February - ‘But only he who sees, takes off his shoes‘ E B Browning
Through a gap in the harbour wall, on to the jetty
into the vortex of a feathered whirlpool,
a flock of neat stone turning Arctic incomers seeking
the comforts of their winter holiday sun.
Oh my sweet avian children, how much
through the tiresome heat of the long summer days
have I missed you, and watched for your return.
Sharp above the curve of the West Cliff
in the marine aqua February sky,
floats an etherial marbled landscape
of smokey dark hills, gilt tipped
by the weary sun’s spent rays,
while soft valleys of Alice blue grey spill
their gentle streams into the burnished sea.
Up the hill to the East Cliff to look across the water
in the early twilight, with the winter sky fading
now to soft Egyptian blue, muted echo
of the crowd of a thousand June butterflies,
Polyommatus icarus - the Common Blue,
who brushed past me one bright
morning as I rode high above Stone Bay.
How can I call these exquisite creatures ‘common’
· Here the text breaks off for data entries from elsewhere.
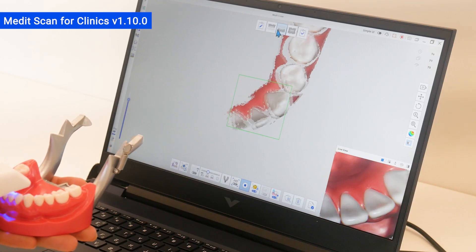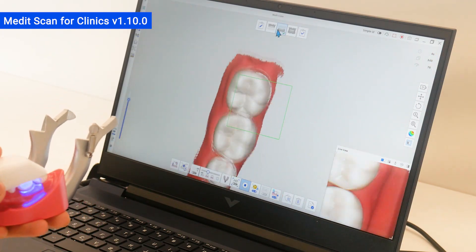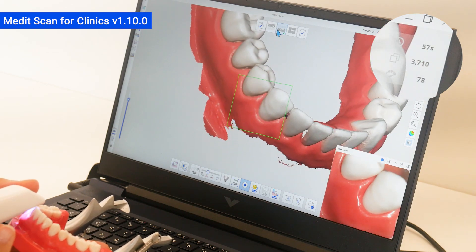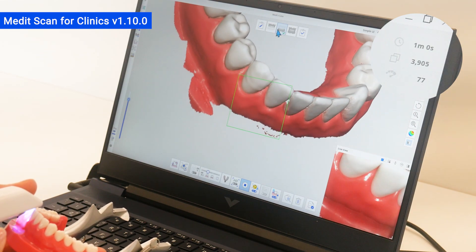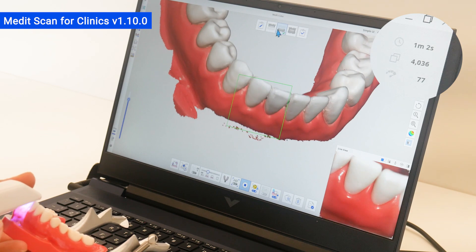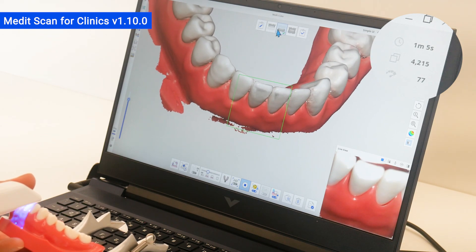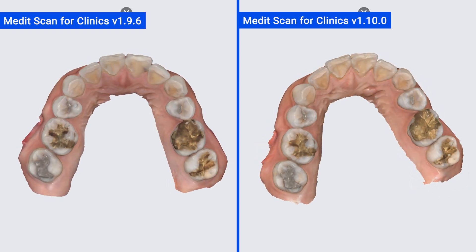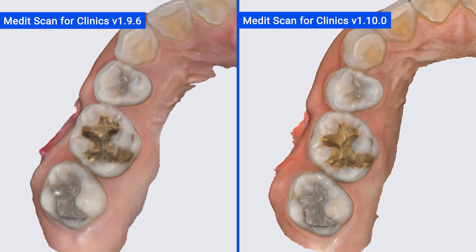Moreover, we improved to maintain the best scanning performance without FPS drops even when the number of scanned images increases or data is scanned in multiple stages. And we optimized the post-processing parameters of the acquired data to improve the sharpness and detail of the scan data.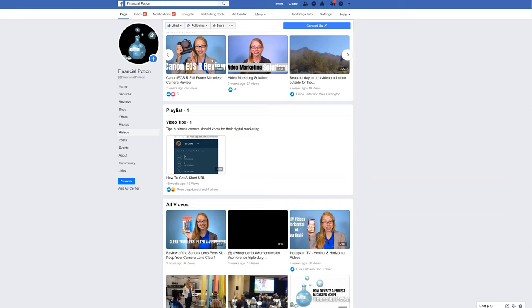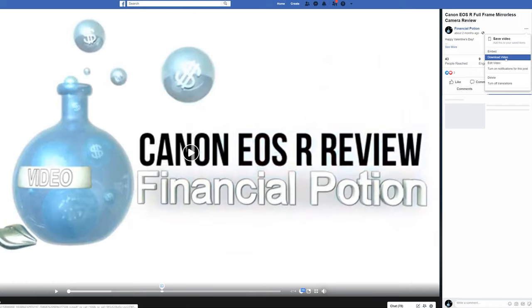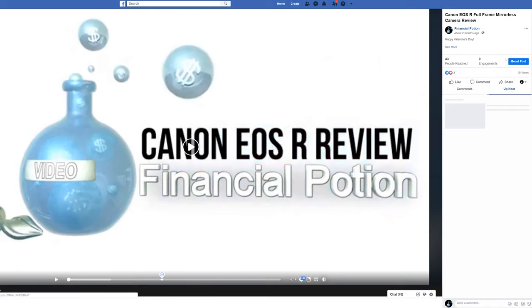If you did a Facebook Live, you should repurpose that content on your YouTube channel, LinkedIn if appropriate, Instagram TV, your website, etc. To do this, you'll need to download your video. Simply find the video on your page that you want to download, click on the video, then click on the three dots to the right of your profile image, then you can download the video and use it on other channels.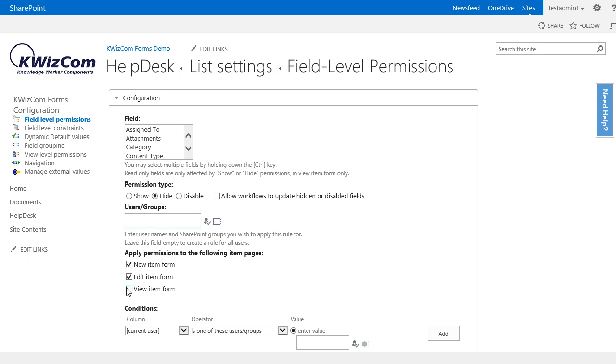It's important to know that when we disable a field, we can only disable it in the edit form and not in the others. However, we can set a field as read only by using dynamic default values. We will not cover dynamic default values in this video, however you can learn more about dynamic default values in the respective videos.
when I have seen that every one is unique in its beauty?
Is it possible that the turnstones arrive not
for my pleasure, but each to show the miracle
of the universe, mirrored in every diminutive descendent
of the Mesozoic feathered theropod?
Does the fragile landscape disappear, like a dream
overcome by the sad harsh light of morning,
or will it exist for ever in the sightless all seeing eyes
of a loving and immutable God?
If these things should be, then I will take off my shoes,
for in this place I too will walk on holy ground.